Position: Senior research associate, Field: Soil ecology, Organisation: AgResearch.
Ross Gray is a senior research associate with AgResearch. He is based at the Grasslands Research Centre in Palmerston North and is part of the Climate, Land and Environment group. Ross’s particular area of interest is soil ecology – earthworms and soil arthropods.
Scientific research rarely happens in isolation – it truly is a team effort. Technicians, research associates, scientists and sometimes even university students all have an important part to play in designing, managing and subsequently reporting scientific trials.
Science is a superb vocation for the naturally inquisitive, where hands-on innovation and discovery make for fulfilling and always interesting endeavours.
As a senior research associate, Ross is involved in all aspects of science including input into project bidding applications, trial planning, trial set-up, trial management and deconstruction, analytical services, data management and interpretation leading on to authorship of science papers. In addition to the specialist technical and analytical services Ross provides to groups within AgResearch, he also works with external clients.
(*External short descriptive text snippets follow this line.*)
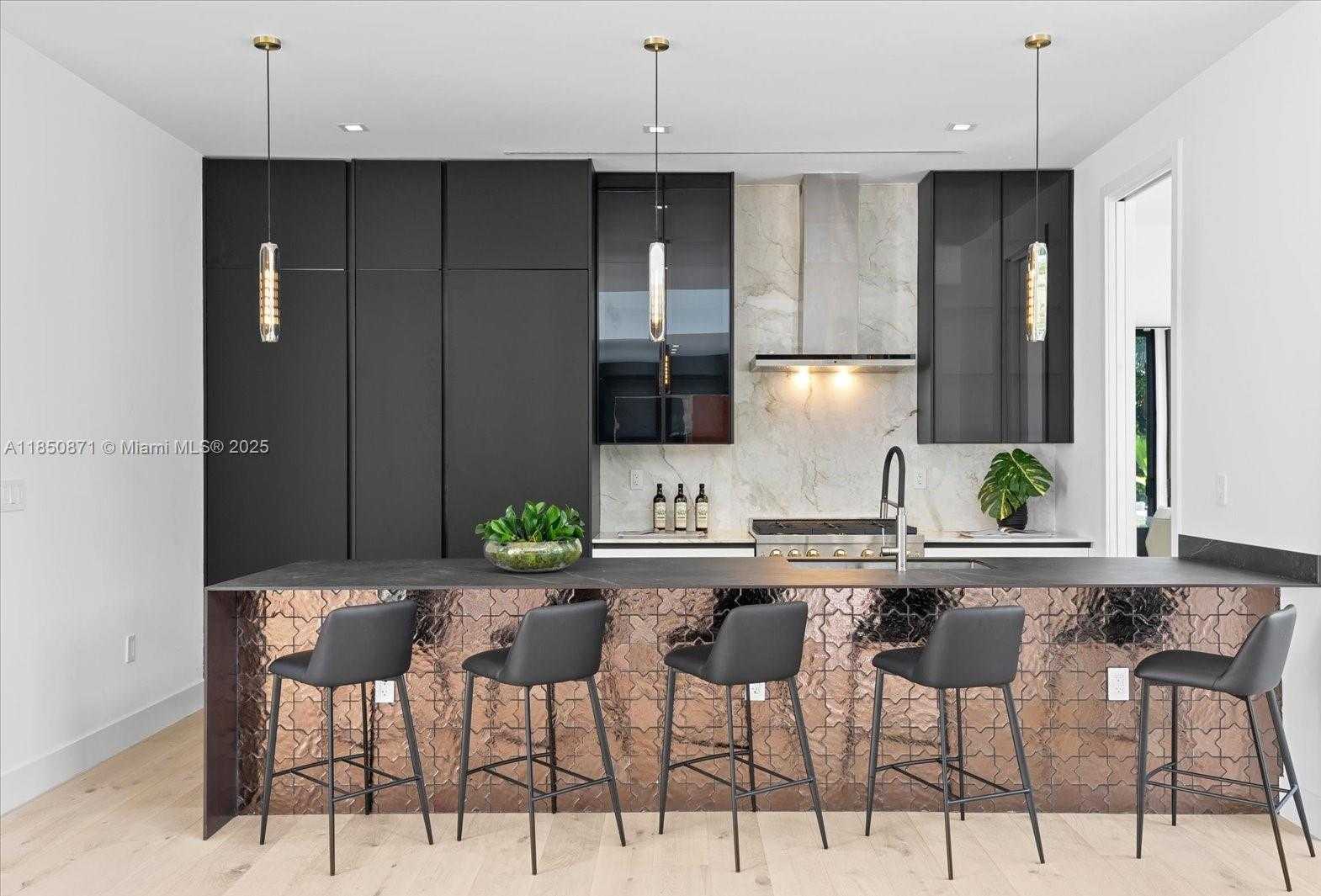 Small Image of 112 WEST PALM MIDWAY, Miami Beach Number 6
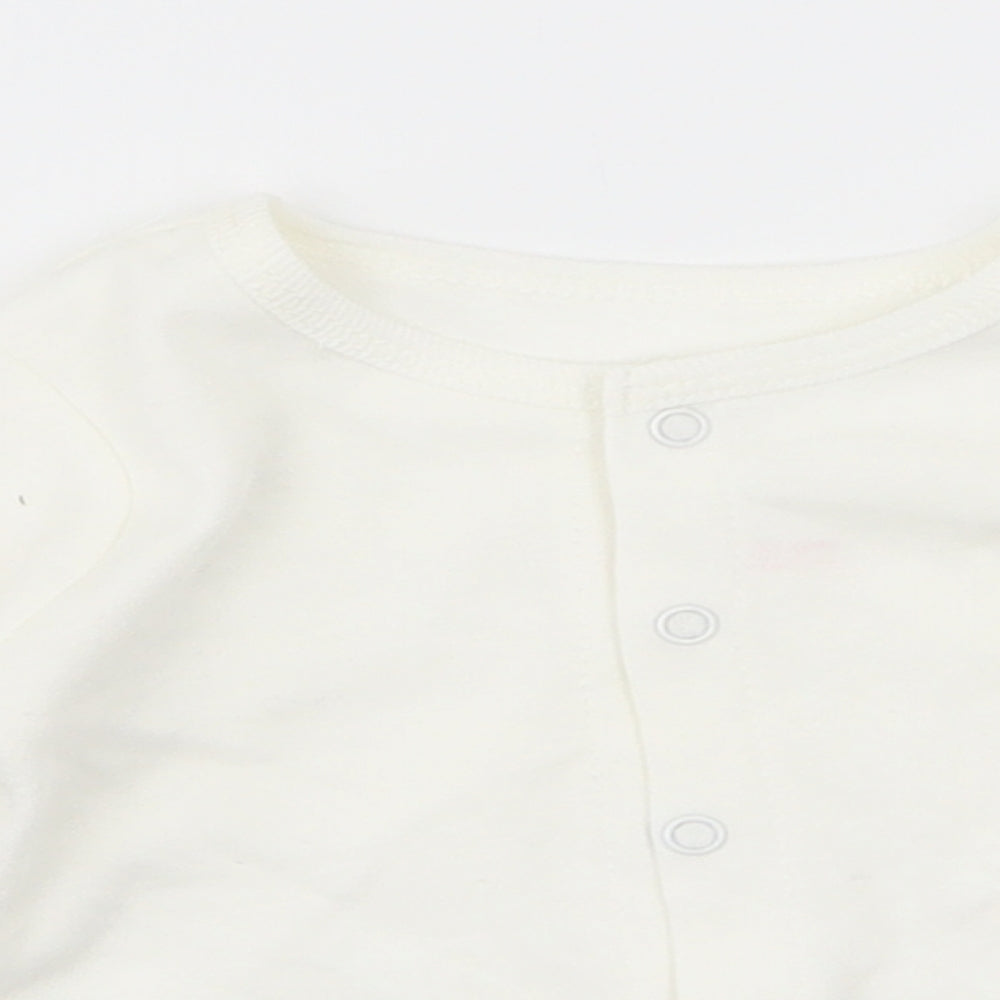 stering Girls White   Basic T-Shirt Size 0-3 Months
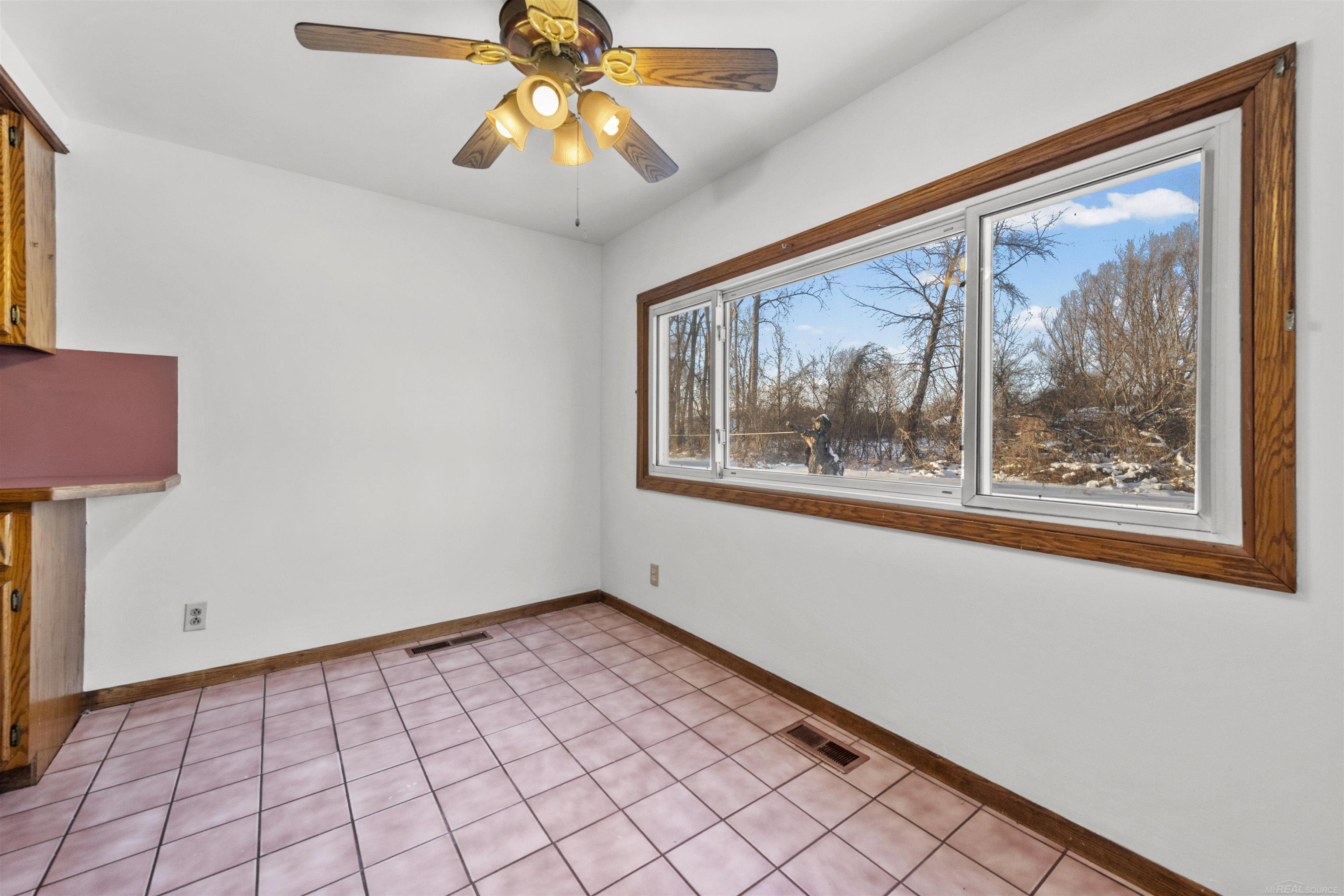 69455 Hicks Road, Armada, MI, 48005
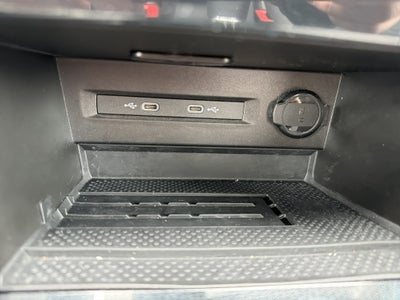 2025 Volkswagen Taos SE 4MOTION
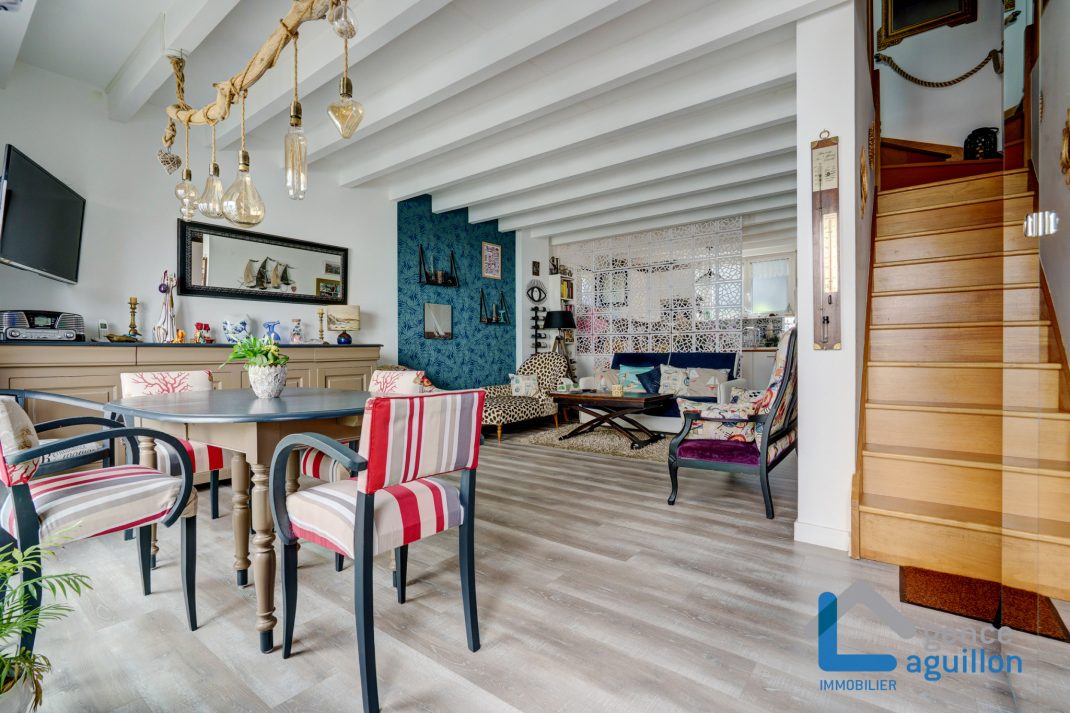 Con un toque especial, villa adosada en el centro. Con 2 amplias terrazas. Comercio a pie. Topo a proximidad. Para entrar a vivir!!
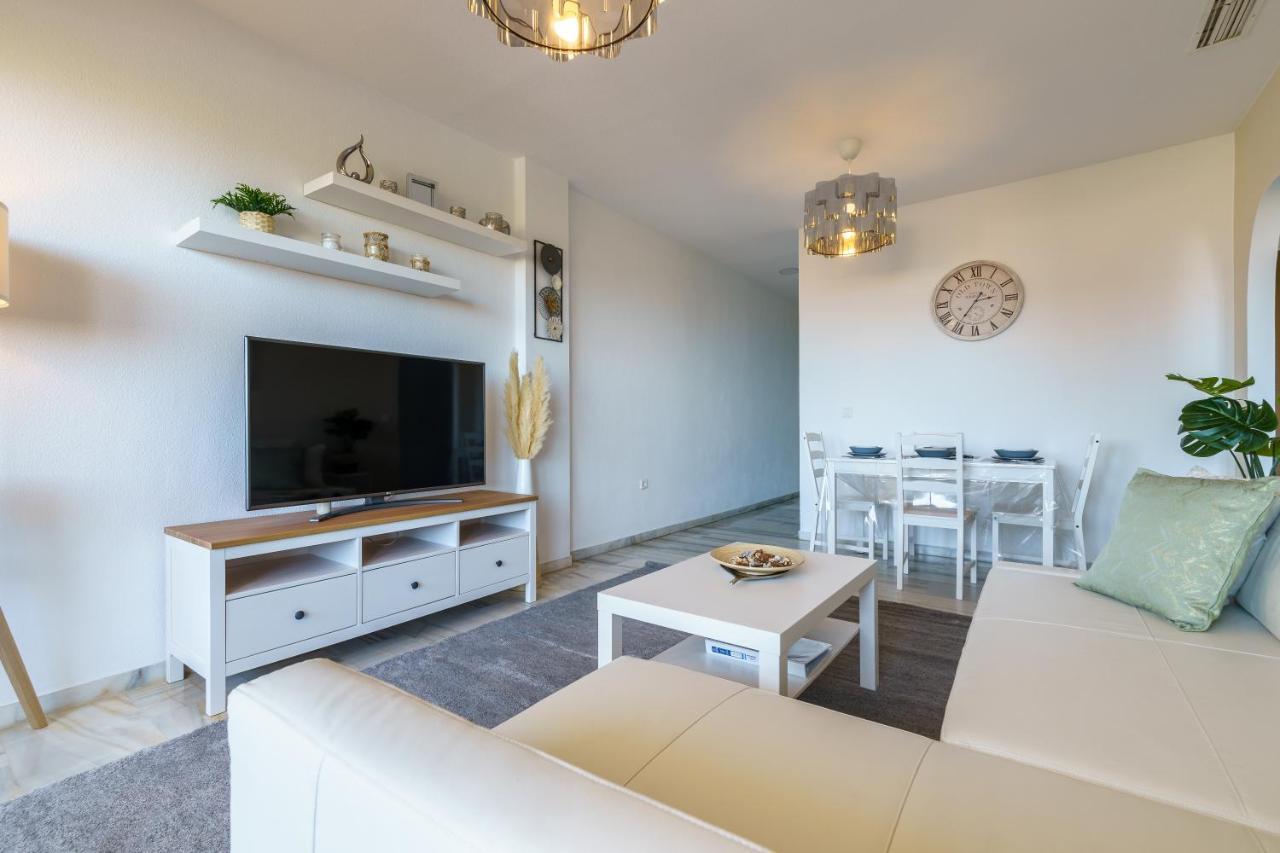 Chic Beachfront Flat With Amazing Sea Views And Private Indoor Parking Benalmádena Extérieur photo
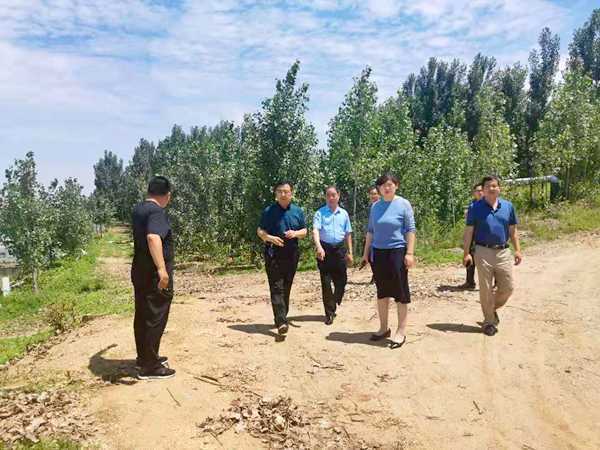 平邑县教体局到地方镇督导防溺水工作(图1) 平邑县教体局到地方镇督导防溺水工作(图1)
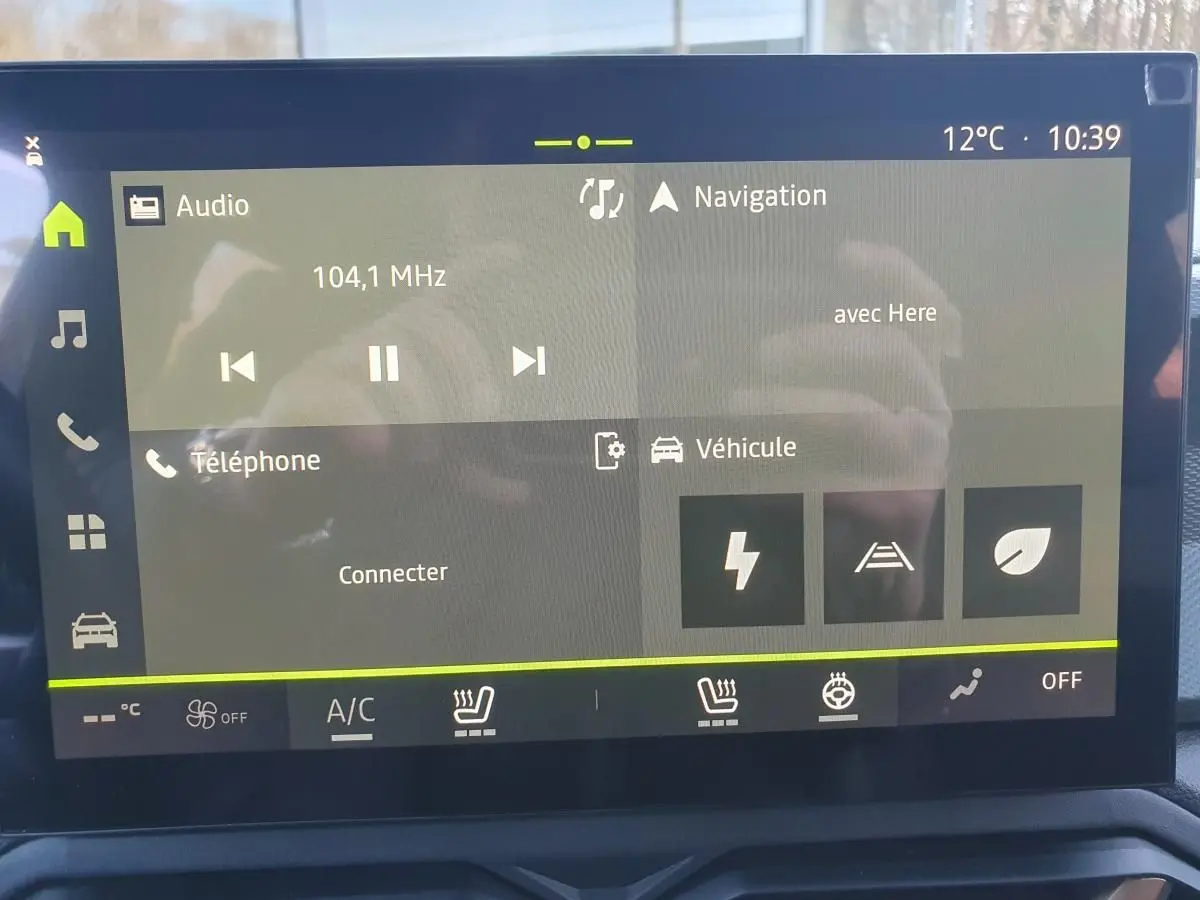 Écran tactile central du Dacia Duster 2026 gris schiste montrant les options audio, navigation et véhicule.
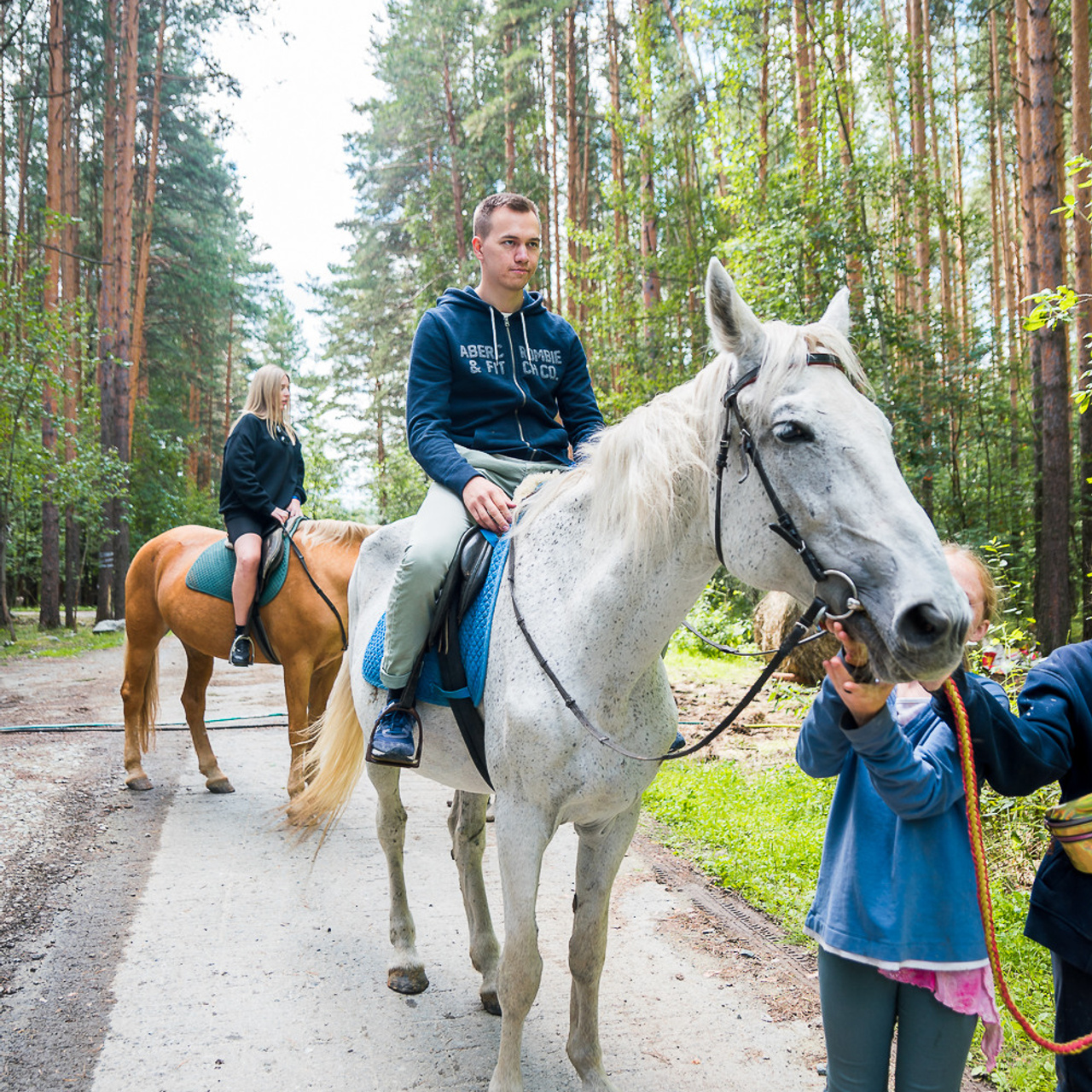 Корпоратив в конном клубе. Студия коммерческой съемки ХВОЯ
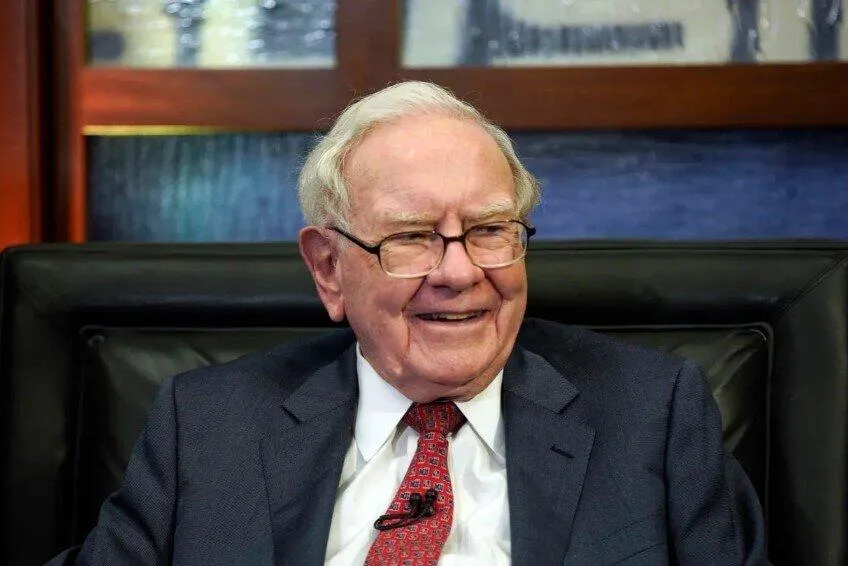 Tỷ phú Warren Buffett và 3 nguyên tắc đầu tư biến 10.000 USD thành hàng tỷ USD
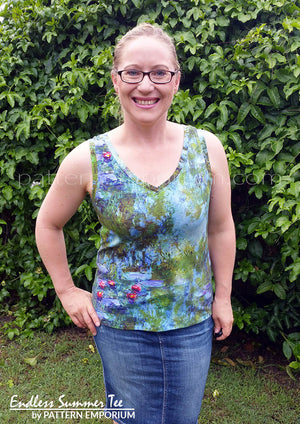 view our ladies v-neck tee sewing pattern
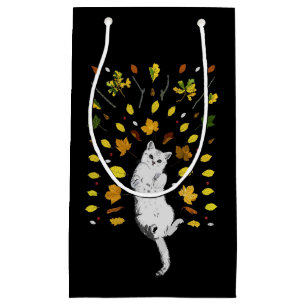 Weiße Katze mit Herbstlaub Kleine Geschenktüte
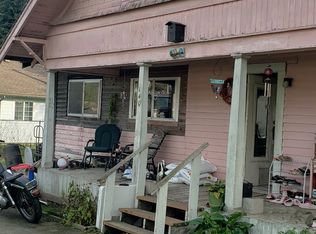 140 E Date St, Powers, OR 97466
Ross has been with AgResearch for more than 30 years. He began as a technical trainee – similar to a science apprenticeship. Ross studied part-time for a New Zealand Certificate in science during his time as a trainee. He has come a long way since then, and Ross is proof that there are many pathways that lead to a career in science. Ross feels privileged to be able to design and run an extremely varied number of trials on a diverse scale, from growth cabinet and glasshouse trials to field trials and even countrywide soil fauna surveys.
Ross’s interests outside of work include hang-gliding, general aviation, skiing, computers and backyard engineering. He also includes ecology (especially earthworms) and photography as interests – he took many of the earthworm photos used on our site.
Nature of science
Scientific inquiry is a complex social activity that encompasses a broad range of people, skills and experiences. Stereotypes often depict scientists working alone and isolated in a laboratory. In reality, research is more often conducted by a team of people rather than by an individual.
This article is based on information current in 2012.